Guantanamo.- Cuba is paying close attention to hydrometeorological events that threaten its territory, and is taking the necessary measures to protect the population and economic resources.

The government at all levels, as well as agencies and institutions, are keeping a close watch on the wide area of low pressures concentrated to the south of Jamaica and the disturbance located to the north of the Lesser Antilles.

The focus is on the eastern part of the country, which has recently been hit by Hurricane Oscar. Consequently, on Saturday, the National Civil Defense Headquarters initiated the Information Phase for heavy rainfall in the provinces of Guantánamo, Santiago de Cuba, Holguín, Granma, and Las Tunas.

This Sunday, that body decreed the Informative Phase also for the provinces of Camagüey, Ciego de Ávila, Sancti Spiritus, Cienfuegos, Villa Clara, Matanzas, Mayabeque, Havana, Artemisa, Pinar del Río and the Special Municipality Isla de la Juventud.

According to the Forecasting Center of the Institute of Meteorology, the area of low pressures located in the south of the western Caribbean Sea shows a better organization and increases the probability of the formation of a tropical cyclone organism in the next 12 to 24 hours.
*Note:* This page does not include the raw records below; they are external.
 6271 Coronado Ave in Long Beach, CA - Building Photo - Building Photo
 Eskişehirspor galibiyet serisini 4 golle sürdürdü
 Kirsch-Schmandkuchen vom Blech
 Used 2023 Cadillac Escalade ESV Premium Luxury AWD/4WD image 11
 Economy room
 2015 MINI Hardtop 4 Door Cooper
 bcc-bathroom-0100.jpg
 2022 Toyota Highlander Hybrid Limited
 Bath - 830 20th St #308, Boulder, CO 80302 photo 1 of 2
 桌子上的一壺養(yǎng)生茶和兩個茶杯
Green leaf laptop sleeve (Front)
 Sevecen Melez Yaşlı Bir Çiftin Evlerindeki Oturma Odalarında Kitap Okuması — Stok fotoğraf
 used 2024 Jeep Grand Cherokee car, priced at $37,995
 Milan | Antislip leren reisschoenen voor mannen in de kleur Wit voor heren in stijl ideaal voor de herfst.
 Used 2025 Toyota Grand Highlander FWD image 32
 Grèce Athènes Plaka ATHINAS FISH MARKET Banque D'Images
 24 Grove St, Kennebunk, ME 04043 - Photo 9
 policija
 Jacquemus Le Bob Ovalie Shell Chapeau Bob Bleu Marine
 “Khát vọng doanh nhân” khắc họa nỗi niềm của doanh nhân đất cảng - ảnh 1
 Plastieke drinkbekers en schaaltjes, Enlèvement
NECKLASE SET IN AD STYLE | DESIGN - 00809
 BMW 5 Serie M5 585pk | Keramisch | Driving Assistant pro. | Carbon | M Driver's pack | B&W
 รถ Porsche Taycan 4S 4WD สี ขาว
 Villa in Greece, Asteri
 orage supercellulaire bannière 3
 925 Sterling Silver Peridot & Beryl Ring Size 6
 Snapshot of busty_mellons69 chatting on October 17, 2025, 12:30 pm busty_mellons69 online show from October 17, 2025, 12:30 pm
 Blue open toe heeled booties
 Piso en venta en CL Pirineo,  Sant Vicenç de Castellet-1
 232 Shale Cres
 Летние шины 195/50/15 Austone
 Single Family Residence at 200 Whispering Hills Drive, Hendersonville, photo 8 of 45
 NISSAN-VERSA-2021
In the meantime, in the face of the devastation affecting the eastern region, over 60,000 people were evacuated from Guantánamo, whose soils are saturated due to heavy rainfall and river flooding.

Educational institutions and other facilities, as well as family homes, are serving as temporary shelters for these individuals.

The leader of the National Defense Council and president of the Republic, Miguel Díaz-Canel, is closely monitoring the situation and has stressed the significance of maintaining a high level of vigilance and direct communication with the public.